Yes, Chibesakunda must go
Firstly, she is well past her age to be in that office. Secondly, she has exceeded the number of days she is supposed to be in that position in an acting capacity. These two illegalities make it inevitable for her to go. It is simply what the law states, regardless of whatever political problems those calling for her exit may have.
We have many cunning hypocrites in this country. When they have a particular interest in a matter, they will quote all legal provisions in their entirety. They will preach morality like they are the most morally distinguished characters we have. But when their interests are not served by adopting the most logical, legal and reasonable positions, they keep quiet like what is happening is the most normal thing.
We should never forget history. Remember that campaign that was waged to get Chief Justice Ernest Sakala out of office. Even his refusal to shake Michael Sata’s hand at a funeral church service became such a huge reference point for him to step down.
Fred M’membe and the quacks that clap for him were convinced that justice Sakala was behind the acquittal of Frederick Chiluba. On that basis they argued that he had desecrated the judiciary. Justice Sakala was insulted, humiliated and finally an opportunity to hound him out availed itself with the election of Sata. Sakala is gone.
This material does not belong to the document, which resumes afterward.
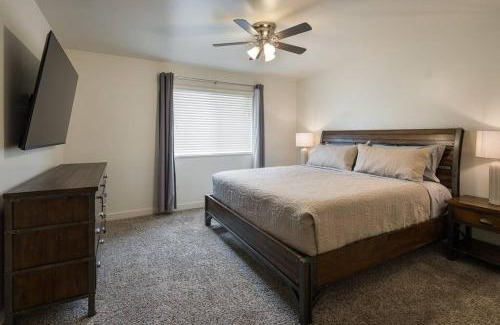 Moab South Valley Apartment | 6K Top Floor Moab RedCliff Condo, POOL & HOT TUB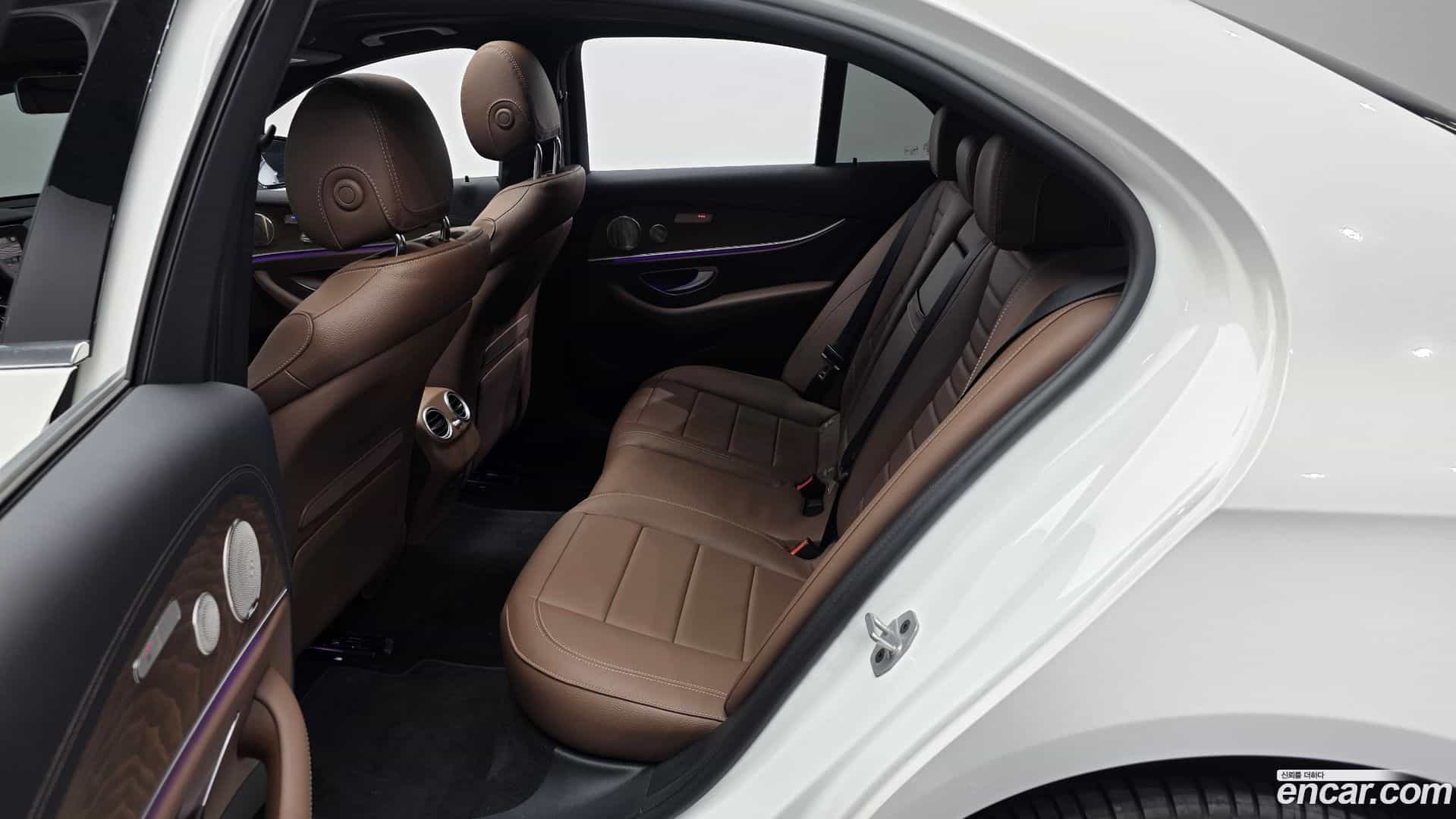 E-Class Mercedes-Benz 2023.9-INNER-036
Let us also not forget that Lusaka lawyer John Sangwa took up a battle of getting justice Sakala out of office. This, he claimed, was aimed at ‘protecting the integrity of the judiciary’. Sangwa, among other things, argued that Sakala was past his age to be Chief Justice.
Ideally, we should expect Sangwa to continue with his crusade of ‘protecting the integrity of the judiciary’ as he did when he fought for justice Sakala’s exit.
Should we, therefore, believe Sangwa that he was fighting to ‘protect the integrity of the judiciary’ when he fought justice Sakala? We are talking about the same judiciary here. Why isn’t Sangwa as an officer of the court similarly concerned with ‘protecting the integrity of the judiciary’ this time especially that the grounds of Chibesakunda’s illegal occupation of that office are known even by laymen? Dear John, has the law changed?
If it was right for M’membe and his puppeteers to campaign for Sakala’s exit based on their suspicion, what is wrong with Nevers and others suspecting that Chibesakunda is in cahoots with his relative at State House to mutilate the opposition through nullification of parliamentary seats?
For now we can put the suspicion aside. The two grounds referred to earlier are enough for Chibesakunda to vacate the office.
As for Sata, he should be the last person to talk about respect for the judiciary. If he had any respect for the judiciary, he would not have nominated a person who does not qualify for the very office he now wants to pretend he respects and purportedly wants to protect from the likes of Nevers and other critics.
In his response to Nevers, Sata miserably failed to address the most pertinent question on the matter – that of his relative being in office illegally. This is not surprising since Sata’s remote controllers know the illegality and have no way of defending it. The only way is to divert attention from the core issue and write editorials that run counter to a position they held when they were baying for justice Sakala’s blood.
Zambians must demand the exit of Chibesakunda. By keeping quiet, Zambians are endorsing that illegality.